Enhancing {ggplot2} plots with statistical analysis 📊📣
https://indrajeetpatil.github.io/ggstatsplot/
GNU General Public License v3.0
2.04k stars 190 forks source link

Different p-values with ggbetweenstats depending on included samples #778

Open MN2211 opened 2 years ago

MN2211 commented 2 years ago

Hello everyone,

I am facing the issue that I get p-values >0.05 for certain pairwise comparisons although the differences between them are bigger than between others which have p-values <0.05. However, when I exclude some of the samples, p-values change and I get significant differences between samples that were not significant before. The first graph attached shows no significant p-value between 7 and 5 and between 7 and 6 (although the difference between them is way bigger than between for example 1 and 5), but the second graph shows p <=0.05 for both.

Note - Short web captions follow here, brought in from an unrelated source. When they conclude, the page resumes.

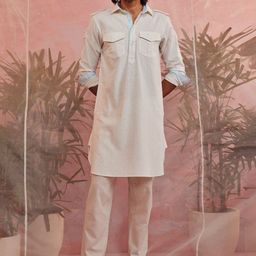 charkhee Shirt Collar Roll Up Sleeves Pure Cotton Pathani Kurta-image-50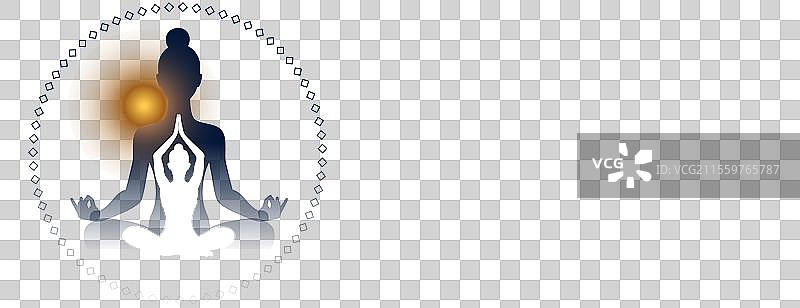 国际瑜伽日女性在体式中的横幅图片素材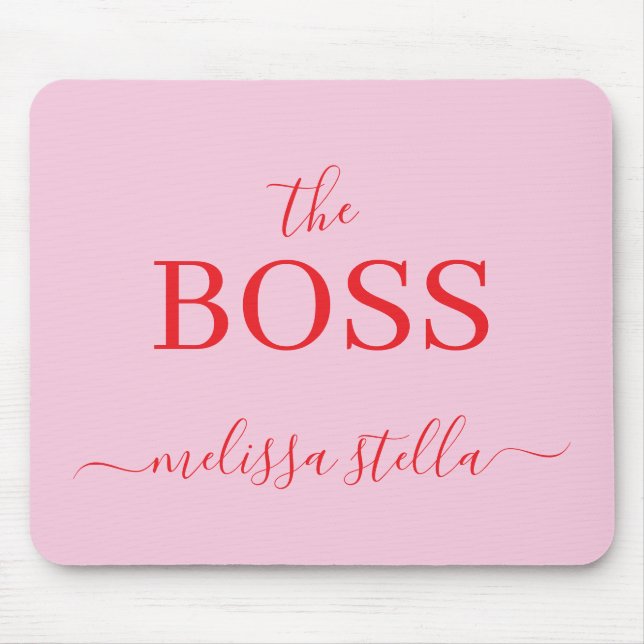 Mousepad Modern Pink The Boss Name | Girly Gift (Frente)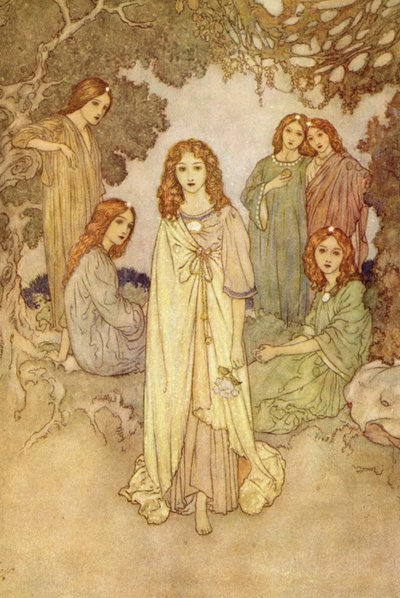 Nimfy z "Rajskiego ogrodu autorstwa Edmund Dulac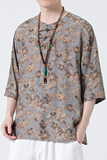2024春夏新款风男装冰丝唐装汉服短袖五分袖T恤C229-T214-P60，男装T恤，电商C229-1
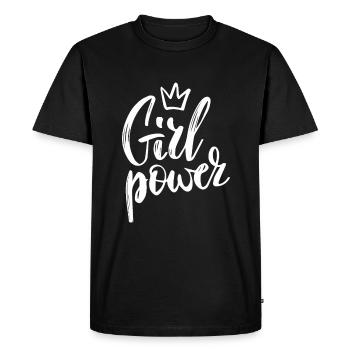 Reine du Girl Power! Anniversaire de cadeau féministe fort - T-shirt Premium bio Homme - noir - Devant - Nico (187cm)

This is my script:

library(ggstatsplot)
library(tidyverse)
library(readxl)

data <- read_xlsx("path/file.xslx")
ggbetweenstats(data, sample, increase, type = "nonparametric", p.adjust.method = "none", pairwise.display = "significant")

and this is the data from the Excel sheet:

sample increase
1 8
1 8
1 8
2 8
2 8
2 8
3 8
3 8
3 8
4 8
4 8
4 8
5 7
5 6
5 6
6 6
6 6
6 6
7 1
7 1
7 1

Thank you in advance! MN

1 2

insectito commented 1 year ago

I am experiencing the same issue. u.u Did you get any solution?

MN2211 commented 1 year ago

As far as I remember, it was not a problem of the ggstats-code but is caused by the definition of the Kruskal-Wallis test. The significance depends on the included samples there. You might check, if you can switch to another (maybe even parametric) test.